“Masterminds” is a comedy based on the true story of one of the largest bank heists in America… and one of the most simplistic minds there is. Galifianakis plays David Ghantt who would do anything for the woman of his dreams. Galifianakis would do anything for a role, going as far as “sharting” in a pool for this one. Okay! I couldn’t help myself. I laughed at that. Sometimes the really stupid funny makes me giggle and this is about as stupid as they come.
Based in North Carolina, Hess uses every southern stereotype he could find from wood paneling on all the walls to a high-rise double-wide trailer to the hicks in them but the worst is the extra nauseatingly thick accent Galifianakis uses. It gets old very fast but there’s something about his comedy in this movie that you can’t help but find amusing and enjoy. I’d guess it’s his chemistry with director Jared Hess of “Nacho Libre” and “Napoleon Dynamite” that works to create a blissfully ignorant hayseed who is somehow still smart enough to pull of a 17 million dollar heist for the woman he loves, Kelly (Wiig), who is not his fiancé, might I add. His fiancé is Jandice and portrayed by McKinnon who does white trash brilliantly and the only way to describe her character is “weird”. McKinnon is always good at weird but this Jandice character goes way beyond the norm. Wiig, executes the love interest in the film and is, for the most part, playing straight for a change. There are a few laughs from her but it seems oddly fitting that she is the balance to all of the crazy going on; you expect insane from her in a film like this but when she delivers compassion and caring for someone getting taken advantage of, the story seems more real.

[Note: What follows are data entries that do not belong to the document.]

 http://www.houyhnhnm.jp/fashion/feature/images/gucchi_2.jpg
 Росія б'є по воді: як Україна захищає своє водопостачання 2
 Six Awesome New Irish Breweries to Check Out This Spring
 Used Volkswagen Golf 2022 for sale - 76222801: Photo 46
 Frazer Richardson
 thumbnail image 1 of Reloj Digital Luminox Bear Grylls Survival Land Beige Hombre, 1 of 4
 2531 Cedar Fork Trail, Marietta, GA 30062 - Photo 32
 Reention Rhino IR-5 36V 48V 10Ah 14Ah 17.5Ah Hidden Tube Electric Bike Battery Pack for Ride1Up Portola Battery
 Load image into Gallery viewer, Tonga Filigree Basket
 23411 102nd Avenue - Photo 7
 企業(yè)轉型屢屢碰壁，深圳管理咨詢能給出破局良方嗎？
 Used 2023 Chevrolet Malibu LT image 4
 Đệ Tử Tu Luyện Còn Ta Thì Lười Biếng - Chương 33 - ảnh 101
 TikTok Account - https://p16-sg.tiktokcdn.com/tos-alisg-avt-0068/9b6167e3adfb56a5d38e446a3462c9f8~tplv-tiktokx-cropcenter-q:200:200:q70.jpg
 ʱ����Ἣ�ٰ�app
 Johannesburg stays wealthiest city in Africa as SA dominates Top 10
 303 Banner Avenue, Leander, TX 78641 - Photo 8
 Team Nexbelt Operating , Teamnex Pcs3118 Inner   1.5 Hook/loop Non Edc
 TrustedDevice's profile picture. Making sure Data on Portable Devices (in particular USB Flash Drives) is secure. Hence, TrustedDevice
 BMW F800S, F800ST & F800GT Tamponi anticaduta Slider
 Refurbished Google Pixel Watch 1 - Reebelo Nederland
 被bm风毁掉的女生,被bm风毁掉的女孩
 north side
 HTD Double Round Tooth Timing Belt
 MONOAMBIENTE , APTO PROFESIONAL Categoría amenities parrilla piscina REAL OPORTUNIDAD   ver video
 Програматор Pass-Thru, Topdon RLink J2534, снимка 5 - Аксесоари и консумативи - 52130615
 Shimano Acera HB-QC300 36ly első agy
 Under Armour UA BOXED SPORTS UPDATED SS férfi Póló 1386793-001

Kelly gets David to help her and her pals steal the money and behind his back they have planned on David to also be the fall guy. Steve Chambers (Wilson) is running the show and after David steals the money from Loomis, Fargo & Co., which becomes the second largest cash robbery in U.S. history, even appearing on shows like “America’s Most Wanted” because of it, he sends David to Mexico with a small allowance until things cool down and they “meet up with him later.” While they are living the good life, he’s in Mexico waiting for his girl. So, perhaps the David in the film isn’t so far removed from reality. However, feeling the pain of being the patsy, perhaps an exaggerated film of bringing them all to justice was his best revenge.
The sight gags in “Masterminds” are great. The characters are grotesquely over-the-top and you’ll laugh but to dig deeper into what you’re seeing, the structure isn’t there and doesn’t hold up. It feels as if you’re clicking on Youtube, looking for the funny clips and all the while not as entertained in-between the clicks. However, the costume changes and bizarre you get from Galifianakis and then the relationship that develops between him and the man sent to kill him, Mike McKinney (Sudeikis), makes this absurd film one to take a peek at. It has that “Napoleon Dynamite” feel to it and I wouldn’t be surprised if it picks up momentum with people watching this more than once to take it all in again and to perhaps take another look at the characters to figure out who may have taken the still missing two million dollars. Now you’re interested. By the way, stay at the end for some extra fun stuff.